E quindi, cioè cosa cambia qui nell’osteria nel periodo della Giostra? Non lo so, ci sono…bah fondamentalmente qui cambia poco, cambia poco, io, come vedi, ecco, i fazzoletti dei quattro quartieri ce l’ho tutti, tutto l’anno, io sono un quartierista di Colcitrone e però giustamente il locale per la par condicio ci so’ tutti i fazzoletti, tutti i fazzoletti, come è giusto che sia, come ho detto prima vengono tanti anche clienti, ho tanti clienti degli altri quartieri, e questo me fa molto piacere, e quindi, durante il Saracino ecco magari può capitare di trovare delle tavolate di ragazzi dei quartieri che possono fare anche dei cori, cantano, festeggiano, quindi è più, più viva, più viva sicuramente, come tutta la città del resto, quando c’è la giostra si vede la città che…ci son’ tutte le bandiere in giro, si sente l’aria diversa.
Ma quando c’è la giostra quindi togli le altre bandiere avversarie o le lasci sempre?
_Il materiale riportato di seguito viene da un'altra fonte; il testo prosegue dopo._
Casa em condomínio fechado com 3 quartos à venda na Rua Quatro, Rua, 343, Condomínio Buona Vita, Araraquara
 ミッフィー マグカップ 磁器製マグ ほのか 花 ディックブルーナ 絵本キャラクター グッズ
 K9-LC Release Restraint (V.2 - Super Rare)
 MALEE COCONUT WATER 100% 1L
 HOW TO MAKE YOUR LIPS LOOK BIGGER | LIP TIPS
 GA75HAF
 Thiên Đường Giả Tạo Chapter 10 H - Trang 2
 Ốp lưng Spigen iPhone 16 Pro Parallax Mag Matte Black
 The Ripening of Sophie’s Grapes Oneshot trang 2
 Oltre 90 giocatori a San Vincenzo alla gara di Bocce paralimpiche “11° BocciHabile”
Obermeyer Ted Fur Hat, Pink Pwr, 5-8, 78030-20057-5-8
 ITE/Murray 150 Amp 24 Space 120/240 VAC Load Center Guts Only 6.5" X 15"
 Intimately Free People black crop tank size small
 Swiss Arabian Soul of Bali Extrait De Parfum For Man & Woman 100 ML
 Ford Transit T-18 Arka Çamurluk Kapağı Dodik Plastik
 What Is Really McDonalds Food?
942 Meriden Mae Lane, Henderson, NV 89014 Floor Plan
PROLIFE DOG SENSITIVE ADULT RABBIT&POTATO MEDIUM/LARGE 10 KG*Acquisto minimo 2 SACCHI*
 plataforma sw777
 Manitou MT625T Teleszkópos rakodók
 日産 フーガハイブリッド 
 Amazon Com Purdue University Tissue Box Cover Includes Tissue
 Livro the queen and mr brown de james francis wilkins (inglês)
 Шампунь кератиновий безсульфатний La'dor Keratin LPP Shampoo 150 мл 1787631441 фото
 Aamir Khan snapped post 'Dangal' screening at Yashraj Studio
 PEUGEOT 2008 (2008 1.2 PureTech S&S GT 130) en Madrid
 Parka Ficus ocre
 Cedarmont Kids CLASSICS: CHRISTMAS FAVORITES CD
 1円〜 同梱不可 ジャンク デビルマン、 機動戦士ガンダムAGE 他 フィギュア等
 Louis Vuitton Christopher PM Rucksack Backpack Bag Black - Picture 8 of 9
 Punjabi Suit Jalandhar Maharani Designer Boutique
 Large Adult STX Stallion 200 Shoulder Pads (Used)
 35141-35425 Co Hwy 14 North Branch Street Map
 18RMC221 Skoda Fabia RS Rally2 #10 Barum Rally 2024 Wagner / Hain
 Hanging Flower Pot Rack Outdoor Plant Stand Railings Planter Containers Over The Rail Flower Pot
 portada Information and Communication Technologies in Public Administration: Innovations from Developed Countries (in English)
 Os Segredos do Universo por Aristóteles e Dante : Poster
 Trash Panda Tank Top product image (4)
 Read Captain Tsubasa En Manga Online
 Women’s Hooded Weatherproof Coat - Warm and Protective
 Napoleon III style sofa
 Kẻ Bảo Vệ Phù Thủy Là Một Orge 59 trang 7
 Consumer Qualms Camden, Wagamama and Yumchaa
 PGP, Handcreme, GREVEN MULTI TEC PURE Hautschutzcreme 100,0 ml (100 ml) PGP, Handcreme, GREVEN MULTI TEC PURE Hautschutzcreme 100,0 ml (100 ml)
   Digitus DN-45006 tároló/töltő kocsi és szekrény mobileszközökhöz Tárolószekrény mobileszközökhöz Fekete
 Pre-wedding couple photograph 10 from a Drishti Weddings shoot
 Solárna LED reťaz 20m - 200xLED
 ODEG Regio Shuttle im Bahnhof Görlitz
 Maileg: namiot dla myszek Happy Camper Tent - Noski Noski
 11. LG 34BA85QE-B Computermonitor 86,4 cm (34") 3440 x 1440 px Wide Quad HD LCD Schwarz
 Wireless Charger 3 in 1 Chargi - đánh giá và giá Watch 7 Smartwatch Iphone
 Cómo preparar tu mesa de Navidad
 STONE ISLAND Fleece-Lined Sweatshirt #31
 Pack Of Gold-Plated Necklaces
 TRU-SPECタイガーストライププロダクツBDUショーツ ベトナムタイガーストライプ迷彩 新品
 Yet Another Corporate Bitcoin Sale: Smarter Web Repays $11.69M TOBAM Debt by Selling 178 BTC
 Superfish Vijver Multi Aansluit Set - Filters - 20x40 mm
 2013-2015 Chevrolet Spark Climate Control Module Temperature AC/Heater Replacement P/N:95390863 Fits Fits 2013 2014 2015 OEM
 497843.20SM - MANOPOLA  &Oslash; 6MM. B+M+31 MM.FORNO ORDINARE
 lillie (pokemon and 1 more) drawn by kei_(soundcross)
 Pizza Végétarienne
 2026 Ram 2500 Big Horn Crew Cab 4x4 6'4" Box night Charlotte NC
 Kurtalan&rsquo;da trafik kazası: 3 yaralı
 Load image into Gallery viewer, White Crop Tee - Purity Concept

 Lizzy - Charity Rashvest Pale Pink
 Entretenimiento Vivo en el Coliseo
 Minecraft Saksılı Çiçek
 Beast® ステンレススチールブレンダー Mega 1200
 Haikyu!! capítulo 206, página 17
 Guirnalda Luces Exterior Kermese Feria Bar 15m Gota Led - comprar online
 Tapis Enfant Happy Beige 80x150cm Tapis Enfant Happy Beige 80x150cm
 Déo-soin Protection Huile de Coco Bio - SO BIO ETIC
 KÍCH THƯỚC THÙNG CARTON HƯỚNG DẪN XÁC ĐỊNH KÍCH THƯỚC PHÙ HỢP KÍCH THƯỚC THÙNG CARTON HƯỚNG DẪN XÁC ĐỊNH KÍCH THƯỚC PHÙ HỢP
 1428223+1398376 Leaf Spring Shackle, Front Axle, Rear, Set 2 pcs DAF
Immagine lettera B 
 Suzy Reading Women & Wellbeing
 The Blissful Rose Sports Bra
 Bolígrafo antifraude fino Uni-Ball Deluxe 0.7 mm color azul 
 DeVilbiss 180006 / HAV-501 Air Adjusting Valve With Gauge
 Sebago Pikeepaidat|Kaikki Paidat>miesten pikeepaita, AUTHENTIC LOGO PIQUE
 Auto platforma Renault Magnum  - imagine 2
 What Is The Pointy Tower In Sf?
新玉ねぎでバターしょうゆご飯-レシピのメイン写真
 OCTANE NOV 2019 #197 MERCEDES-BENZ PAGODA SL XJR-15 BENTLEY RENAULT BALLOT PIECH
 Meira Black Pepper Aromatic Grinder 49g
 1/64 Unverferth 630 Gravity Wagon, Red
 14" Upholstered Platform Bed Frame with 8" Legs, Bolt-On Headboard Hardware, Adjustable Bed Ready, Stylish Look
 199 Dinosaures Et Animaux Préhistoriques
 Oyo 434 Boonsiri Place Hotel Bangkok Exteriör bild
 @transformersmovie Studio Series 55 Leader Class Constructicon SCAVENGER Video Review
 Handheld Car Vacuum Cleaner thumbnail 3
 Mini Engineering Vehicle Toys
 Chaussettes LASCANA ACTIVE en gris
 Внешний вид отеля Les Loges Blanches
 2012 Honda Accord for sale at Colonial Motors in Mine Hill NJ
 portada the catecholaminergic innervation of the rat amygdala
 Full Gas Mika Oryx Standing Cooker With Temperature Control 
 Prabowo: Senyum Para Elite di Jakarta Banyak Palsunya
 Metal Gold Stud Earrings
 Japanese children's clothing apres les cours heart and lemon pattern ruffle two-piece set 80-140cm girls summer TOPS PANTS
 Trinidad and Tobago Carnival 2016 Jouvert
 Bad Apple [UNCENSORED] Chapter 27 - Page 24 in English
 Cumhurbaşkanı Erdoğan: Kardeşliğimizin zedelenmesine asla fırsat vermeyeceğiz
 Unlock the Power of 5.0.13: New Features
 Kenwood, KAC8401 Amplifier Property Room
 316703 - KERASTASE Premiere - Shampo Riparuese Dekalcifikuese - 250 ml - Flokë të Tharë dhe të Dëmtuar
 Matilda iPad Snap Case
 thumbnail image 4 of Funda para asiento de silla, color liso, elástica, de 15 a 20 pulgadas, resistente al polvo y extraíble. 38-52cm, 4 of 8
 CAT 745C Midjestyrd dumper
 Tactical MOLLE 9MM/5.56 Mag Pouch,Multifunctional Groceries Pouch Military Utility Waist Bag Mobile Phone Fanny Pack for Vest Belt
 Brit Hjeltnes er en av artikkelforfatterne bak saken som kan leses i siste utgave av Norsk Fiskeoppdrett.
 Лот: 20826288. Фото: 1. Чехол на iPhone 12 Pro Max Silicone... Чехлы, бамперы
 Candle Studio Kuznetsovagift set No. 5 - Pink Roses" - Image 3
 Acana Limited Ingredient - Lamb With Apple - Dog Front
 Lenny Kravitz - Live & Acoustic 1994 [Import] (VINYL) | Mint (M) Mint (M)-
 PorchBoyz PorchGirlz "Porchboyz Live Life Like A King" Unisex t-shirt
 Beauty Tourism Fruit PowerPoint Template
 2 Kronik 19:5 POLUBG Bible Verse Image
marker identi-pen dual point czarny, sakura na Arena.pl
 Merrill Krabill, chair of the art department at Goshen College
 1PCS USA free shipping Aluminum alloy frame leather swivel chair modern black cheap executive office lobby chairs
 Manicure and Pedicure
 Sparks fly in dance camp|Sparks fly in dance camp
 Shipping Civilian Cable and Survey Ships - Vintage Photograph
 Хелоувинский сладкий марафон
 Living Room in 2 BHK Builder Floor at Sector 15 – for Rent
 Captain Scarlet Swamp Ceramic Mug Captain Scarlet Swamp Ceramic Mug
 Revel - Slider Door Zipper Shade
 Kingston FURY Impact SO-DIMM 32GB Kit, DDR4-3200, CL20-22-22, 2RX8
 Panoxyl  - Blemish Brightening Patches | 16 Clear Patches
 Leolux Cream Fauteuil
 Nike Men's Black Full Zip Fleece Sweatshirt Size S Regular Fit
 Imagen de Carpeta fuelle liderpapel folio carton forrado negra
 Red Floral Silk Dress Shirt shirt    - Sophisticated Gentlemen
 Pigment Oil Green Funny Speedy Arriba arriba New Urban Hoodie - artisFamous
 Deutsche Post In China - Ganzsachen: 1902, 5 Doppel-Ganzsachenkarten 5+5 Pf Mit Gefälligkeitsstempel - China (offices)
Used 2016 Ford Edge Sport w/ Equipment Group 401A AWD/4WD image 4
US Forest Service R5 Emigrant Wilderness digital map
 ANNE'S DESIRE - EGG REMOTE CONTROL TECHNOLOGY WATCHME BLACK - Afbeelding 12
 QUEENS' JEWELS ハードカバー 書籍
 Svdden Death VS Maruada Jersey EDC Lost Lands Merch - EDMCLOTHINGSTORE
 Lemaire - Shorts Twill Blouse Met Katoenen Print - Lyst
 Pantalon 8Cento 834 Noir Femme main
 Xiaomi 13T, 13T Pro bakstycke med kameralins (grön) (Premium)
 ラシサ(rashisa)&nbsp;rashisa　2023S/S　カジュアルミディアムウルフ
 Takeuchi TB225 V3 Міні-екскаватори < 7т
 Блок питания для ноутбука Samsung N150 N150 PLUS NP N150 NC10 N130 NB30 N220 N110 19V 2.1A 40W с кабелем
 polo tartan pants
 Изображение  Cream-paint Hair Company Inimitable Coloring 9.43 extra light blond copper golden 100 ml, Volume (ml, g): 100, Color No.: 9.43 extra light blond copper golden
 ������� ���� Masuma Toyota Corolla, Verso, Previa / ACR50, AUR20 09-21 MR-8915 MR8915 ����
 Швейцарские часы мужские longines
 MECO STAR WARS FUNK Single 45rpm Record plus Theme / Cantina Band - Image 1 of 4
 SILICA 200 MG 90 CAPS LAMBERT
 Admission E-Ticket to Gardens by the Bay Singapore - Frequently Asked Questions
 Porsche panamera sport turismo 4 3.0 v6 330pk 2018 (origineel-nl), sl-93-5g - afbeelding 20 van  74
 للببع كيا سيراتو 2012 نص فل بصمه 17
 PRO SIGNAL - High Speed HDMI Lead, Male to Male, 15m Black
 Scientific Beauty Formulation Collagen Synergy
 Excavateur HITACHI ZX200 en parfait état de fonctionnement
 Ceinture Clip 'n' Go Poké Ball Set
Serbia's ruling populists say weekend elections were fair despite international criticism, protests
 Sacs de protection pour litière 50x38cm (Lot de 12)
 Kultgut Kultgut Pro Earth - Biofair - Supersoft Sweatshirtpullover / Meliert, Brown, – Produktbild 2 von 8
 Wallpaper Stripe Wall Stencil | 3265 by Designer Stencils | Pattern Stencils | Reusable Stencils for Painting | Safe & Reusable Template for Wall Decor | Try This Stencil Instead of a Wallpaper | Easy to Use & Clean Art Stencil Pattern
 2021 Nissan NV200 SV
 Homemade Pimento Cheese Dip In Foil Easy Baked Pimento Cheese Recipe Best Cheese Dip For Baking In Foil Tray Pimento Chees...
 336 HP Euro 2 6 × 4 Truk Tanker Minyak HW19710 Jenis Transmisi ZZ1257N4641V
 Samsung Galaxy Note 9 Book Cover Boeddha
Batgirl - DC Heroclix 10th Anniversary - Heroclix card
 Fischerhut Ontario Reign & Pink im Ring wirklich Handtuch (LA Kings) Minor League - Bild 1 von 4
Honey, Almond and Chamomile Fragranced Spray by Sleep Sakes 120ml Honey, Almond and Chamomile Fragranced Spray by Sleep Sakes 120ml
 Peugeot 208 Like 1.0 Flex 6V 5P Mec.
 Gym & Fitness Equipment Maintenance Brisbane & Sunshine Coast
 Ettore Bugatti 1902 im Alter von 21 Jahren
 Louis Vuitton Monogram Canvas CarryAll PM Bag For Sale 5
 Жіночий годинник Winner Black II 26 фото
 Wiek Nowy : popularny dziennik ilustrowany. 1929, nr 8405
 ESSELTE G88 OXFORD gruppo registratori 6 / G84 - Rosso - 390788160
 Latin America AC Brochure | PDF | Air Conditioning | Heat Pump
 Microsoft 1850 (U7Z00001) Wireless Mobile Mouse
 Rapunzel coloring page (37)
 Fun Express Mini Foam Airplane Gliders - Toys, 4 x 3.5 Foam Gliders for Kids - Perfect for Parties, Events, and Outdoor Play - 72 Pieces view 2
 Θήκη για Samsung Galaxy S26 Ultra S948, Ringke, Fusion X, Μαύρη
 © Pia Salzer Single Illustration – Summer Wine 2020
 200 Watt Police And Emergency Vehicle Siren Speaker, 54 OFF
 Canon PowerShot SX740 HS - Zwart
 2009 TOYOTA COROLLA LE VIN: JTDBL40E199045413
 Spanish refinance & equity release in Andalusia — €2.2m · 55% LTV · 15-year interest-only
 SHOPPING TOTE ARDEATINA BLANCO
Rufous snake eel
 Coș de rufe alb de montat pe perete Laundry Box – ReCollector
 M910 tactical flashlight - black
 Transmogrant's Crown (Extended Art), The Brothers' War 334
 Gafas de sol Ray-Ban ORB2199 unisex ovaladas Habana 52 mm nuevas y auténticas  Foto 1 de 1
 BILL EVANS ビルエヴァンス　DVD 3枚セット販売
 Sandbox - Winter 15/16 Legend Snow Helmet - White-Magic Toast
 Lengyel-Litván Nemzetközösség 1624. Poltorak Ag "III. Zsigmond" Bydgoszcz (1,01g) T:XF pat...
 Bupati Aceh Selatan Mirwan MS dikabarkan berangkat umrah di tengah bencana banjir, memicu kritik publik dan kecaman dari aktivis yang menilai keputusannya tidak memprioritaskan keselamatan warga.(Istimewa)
No, no, no, ci son’ sempre. Qui dentro siamo di tutti, no siamo, insomma qui dentro…rispettiamo tutti i quartieri. Sì, mi sembra giusto così, okay, ho capito, dopo tanto ognuno giustamente è del suo, tutti sanno che io so’ di Colcitrone però ecco, il lavoro è lavoro, quando vengono a mangia’ qui io li servo tutti allo stesso modo, Colcitrone o gli altri tre quartieri, okay, ma quindi a proposito di servire quindi, parliamo un po’ del menu, no, di questo posto, che cosa offre il menù, quali piatti tipici della tradizione toscana? Quali sono questi piatti tipici?
Facciamo, offriamo un menù tipico, ‘na cosa, cerchiamo di fare una cosa più familiare possibile, più semplice possibile, e offriamo i piatti della nostra tradizione che possono essere la trippa, i grifi, i fegatelli di maiale, l’anatra, anzi la nana e il coniglio in porchetta, perché a Arezzo l’anatra si chiama nana, la nana okay, la nana sì, facciamo la pasta fatta in casa, i topini che sarebbero gli gnocchi, però a Arezzo si chiamano i topini, gli gnocchi di patate praticamente, gli gnocchi di patate, gli gnocchi di patate a Arezzo sono i topini, gli gnocchi al sugo di nana, appunto, le tagliatelle, i maccheroni, facciamo ecco tutte cosine così, più semplici, le polpette fatte dalla mamma, ecco, polpette che, di cui avete parlato anche nell’episodio di 4 RISTORANTI perché voi avete partecipato a 4 RISTORANTI, il programma di Alessandro Borghese, sì abbiamo partecipato a 4 RISTORANTI con Alessandro Borghese, ecco, racconta un po’, raccontami un po’ questa avventura che avete fatto!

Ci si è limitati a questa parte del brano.